Background

It is widely known in the data industry that a majority of the work required to create a usable data asset is dedicated to the process of cleaning and properly structuring the associated raw data. Data from different systems is messy and rarely follows a standard structure, and much of analysts' time is consumed by this laborious process.

In Numetric Warehouse, we've created a set of tools that allow a data curation team to significantly reduce the time required for cleaning tasks. The tools themselves (the actual operations that can be performed on the data) are nothing revolutionary. They include standard filtering, if-then logic, value mapping functions, and other typical transformation formulas. Instead, the placement (at the entry point into the Warehouse) and reusability (because of our rule-based approach) of our cleaning tools are what make Numetric's cleaning experience so special. 

Rule-Based Cleaning

The Numetric approach to cleaning centers on rules that the data team can establish for each individual source that comes into Warehouse. Those rules are saved and reapplied every time new data from that source enters Warehouse. The result is a set-it-and-forget-it process that should only have to be done once.

Warehouse Sources vs. Warehouse Tables

It's important to distinguish between Sources and Tables within Warehouse. You'll see both referenced in the top menu within Warehouse:

As we learned in the previous article in this series, we use the term Source Table when referring to external sources of raw data. Each Source (e.g., Uploaded Files, Dropbox, Google Analytics, Numetric API, etc.) will have one or more Source Tables listed. Each has a checkbox next to the table name, which is used to tell Numetric whether to actually bring that table into the Warehouse for use in your analytics workflow. 

Why this behavior? Think of Sources as a sort of "staging area" for data that you might want to bring into Warehouse. Some data connectors will give you access to many tables from the external system, and often you'll only need a few tables from the many available.
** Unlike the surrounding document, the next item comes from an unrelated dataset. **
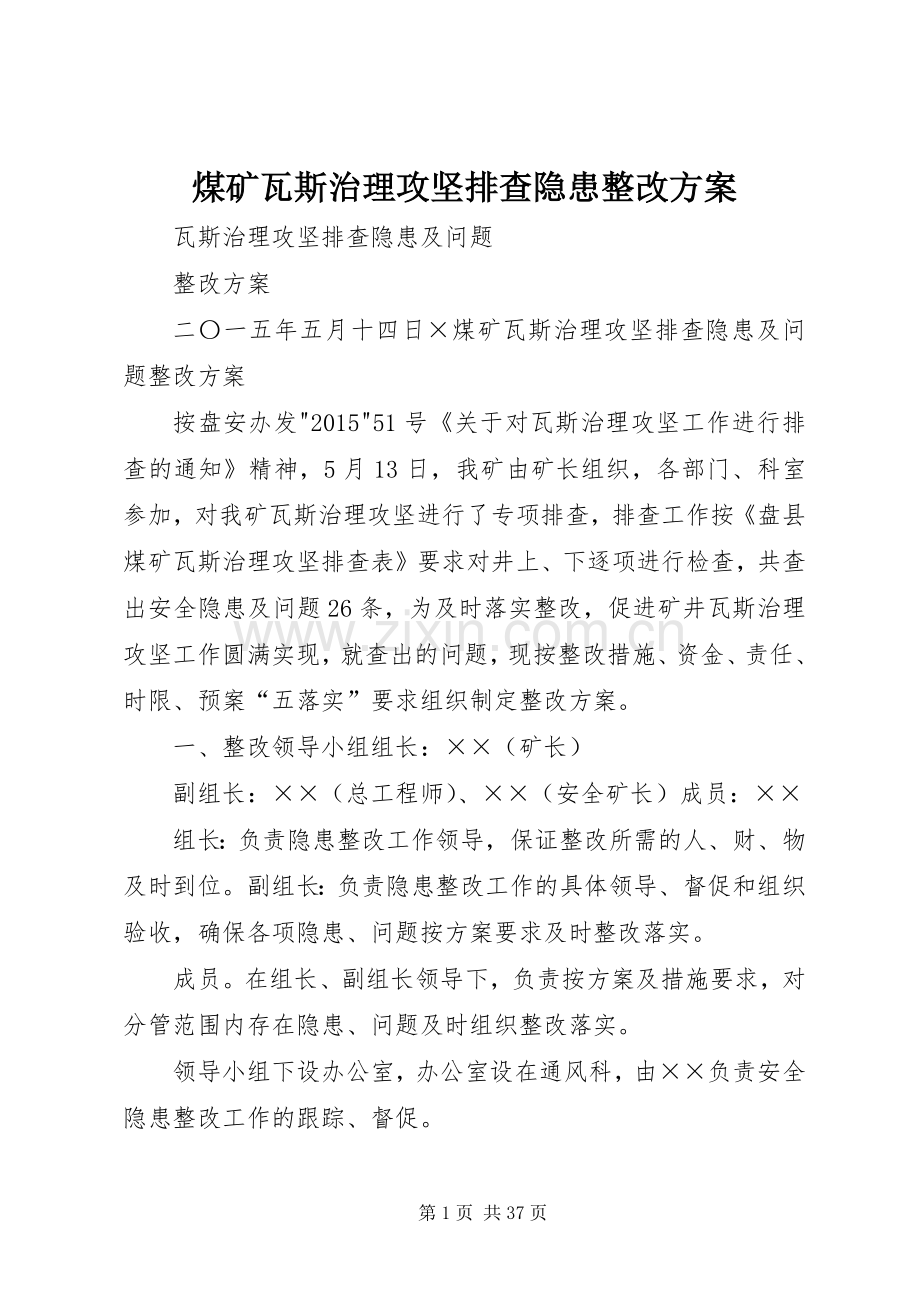 煤矿瓦斯治理攻坚排查隐患整改实施方案.docx_第1页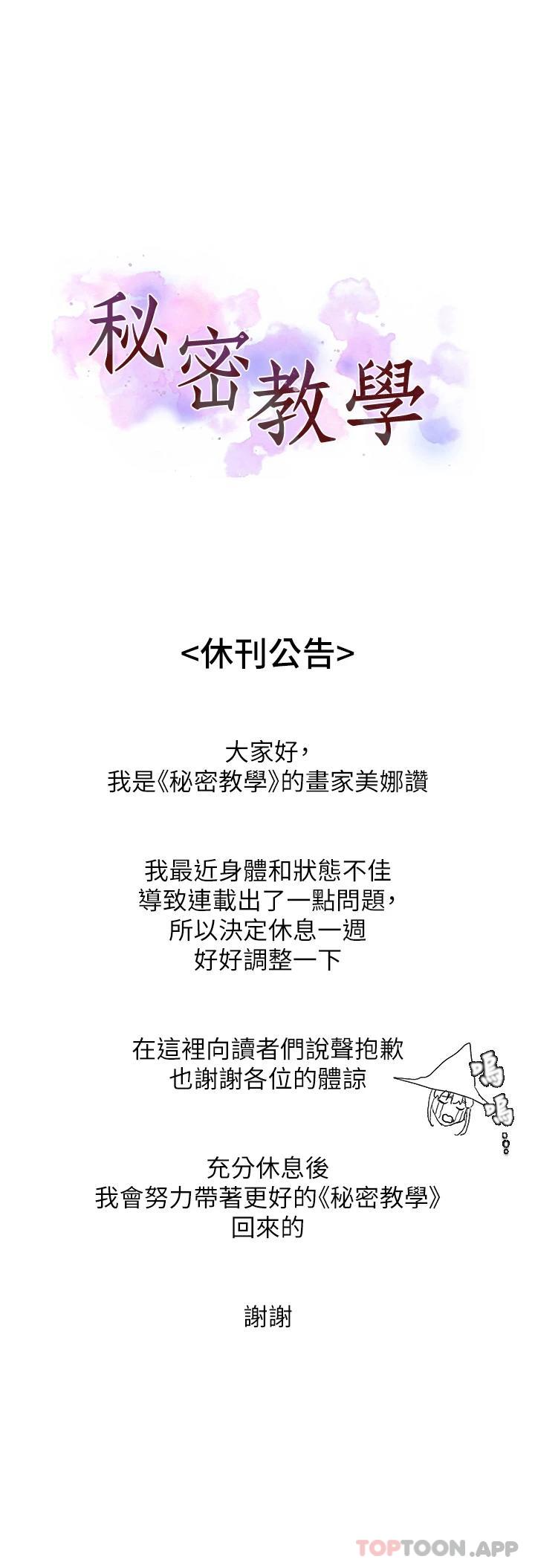韩国漫画秘密教学韩漫_秘密教学-休刊公告0331在线免费阅读-韩国漫画-第1张图片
You can preview each Source table by clicking on the table name to help you decide which tables should be included in Warehouse. See the example below.

Each Source Table that is checked will  be listed as a Warehouse Table in the "Tables" section of Warehouse. It is for each of these Warehouse Tables that we will establish cleaning and transformation rules.

Cleaning Warehouse Tables

And now we get to the fun part. Let's see how easy it is to setup filtering, cleaning, and transformation rules for each of your Warehouse Tables.

Each of your selected Source Tables will be listed under "Tables" within Warehouse.

Each of these Tables can have its own set of shaping rules applied so that you can get each to look just the right way. Let's open the "Customers" table so we can see how it works. 

With a Warehouse table open, you'll have three tabs or areas where you can manipulate the data in the table (or the table itself). These are list along the top:

Transformations is where you can setup your rule-based cleaning and filtering operations. To add a transformation, you'll click the "+" button on the left side of the screen, where you can choose from the different transformations available to you.

Each transformation will allow you to provide a name so that you can keep track of which transformation is doing what. Transformations are added sequentially down the left side as you add them, and they are applied in the order they appear. You can adjust their order by simply dragging and dropping.

Types of Transformations

Numetric currently supports three types of transformations. Let's look at an example of each.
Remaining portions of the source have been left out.